Beverley, 50, from Manchester, says: ‘[The caller] had a very shiny sales pitch. I questioned how it worked but he said there was nothing to worry about; they had been operating the loan payment scheme for years.

‘He said it was perfectly legal and if HMRC queried anything with us, I should tell them to contact Smart Pay.’

Two years later, she received a letter from HMRC telling her she would be investigat­ed.

Beverley, who quit the scheme immediatel­y, says: ‘It came like a bolt out of the blue. I am not a tax expert and I feel naive for following their advice.’

She is still unsure how much she will have to pay, but fears it may be up to £20,000.

She says: ‘We are an everyday

working- class family, we don’t have that type of money.

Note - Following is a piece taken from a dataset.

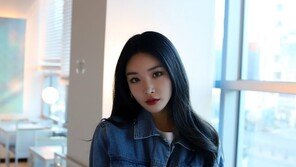 청하, 차트 최상위권 안착…4연속 1위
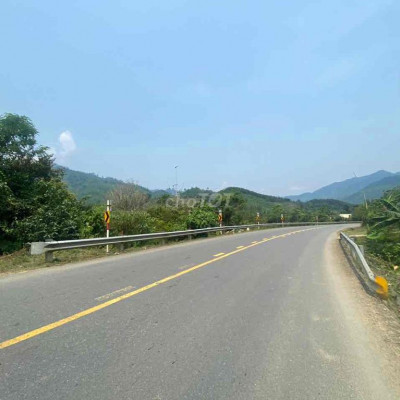 Đất ở 400m2,tách được 4 lô, mặt đường nhựa Hồ Chí Minh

I am filled with horror every time a letter arrives.’

Smart Pay did not respond to a request for comment.

Loan Charge Action Group (LCAG) has launched a campaign for a judicial review into the charge.

Tax barrister Keith Gordon, of Temple Tax Chambers in London, says the law could be a breach of human rights. He says many workers had to sign up to the scheme in order to get paid, and were given no indication they were doing anything wrong.

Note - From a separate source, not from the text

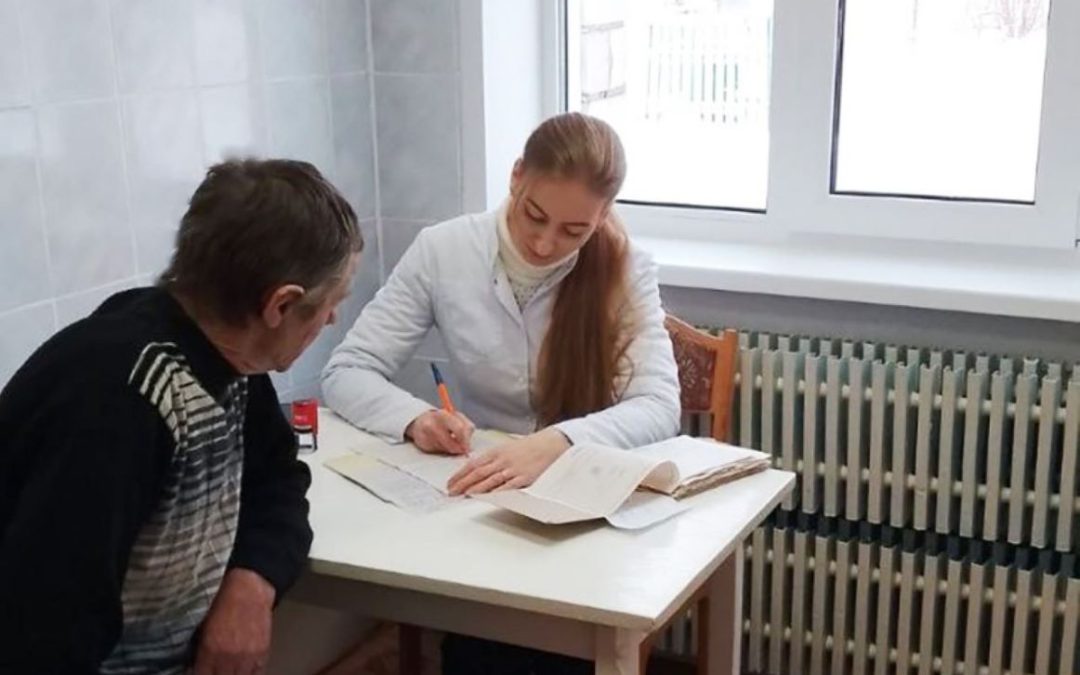 ЗАБОТА О ЗДОРОВЬЕ АГРАРИЕВ: ВЫЕЗДНОЙ МЕДОСМОТР В МИКУЛИЧАХ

‘A lot of the contractor­s were not doing it to avoid paying tax, but to do their job,’ he says. ‘And HMRC, by failing to make enough noise, gave the impression it was acceptable.’ Mike Cherry, the Federation of Small Businesses national chairman, has called on the Government to review the charge. He says: ‘Retrospect­ive tax grabs make it impossible to plan for the future. Many who are playing fair with their tax affairs today will be wondering where else the Government might suddenly change the rules.’

An HMRC spokesman says: ‘The Loan Charge is designed to tackle tax avoidance and ensure everyone pays their fair share. It builds on more than two decades of HMRC action to challenge these schemes. The Prime Minister will be setting out more details on the Government’s policy agendas over the next few months.’